# Urgent - opinion needed



## pdoutaz (May 13, 2010)

After an expensive problem with an Ebay order I am again looking for LED lighting. Has anyone tried/used Ecoxotic brand LEDs before? Specifically looking at one from Pets & Ponds ( do we get a discount from them?)
Ecoxotic Panorama Marine LED Strip - 48" // Aquarium Supplies Canada - Pond Supplies Canada - Reptile Supplies Canada // Pets & Ponds

Thanks in advance for any info!!!


----------



## Immus21 (Jun 14, 2010)

I can't say whether or not the light is good but I have ordered through pets and ponds before. My experience with them was awesome and I do believe we have a coupon code for bca members. Maybe contact them to confirm this though. Good luck!


----------



## pdoutaz (May 13, 2010)

Thanks Immus21 - I got really burned on an Ebay order, and really want to deal with a trusted vendor now. Your feedback helps, although I'd still like opinions on the actual light - even from people that have not actually tried it.
Hard to judge on description alone, unfortunately :-(


----------



## pdoutaz (May 13, 2010)

No other opinions?


----------



## roshan (Jul 19, 2010)

Just make sure there is a return policy that way if u dont like it then no big deal


----------



## trout (Mar 21, 2012)

I recall hearing good things about those lights, although never seen or used one myself.
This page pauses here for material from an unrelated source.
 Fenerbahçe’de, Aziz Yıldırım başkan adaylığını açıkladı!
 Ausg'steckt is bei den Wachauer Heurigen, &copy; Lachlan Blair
But I do believe they make a good product. The fact you can dim each color of lights is a big plus. I can't remember exactly but they use quality LEDs in those as well.

Fwiw, that is the marine model, 11k whites and 445nm blues. Unless of course you would be using on a reef tank


----------



## pdoutaz (May 13, 2010)

Thanks All
Mods - please close thread - Thanks


----------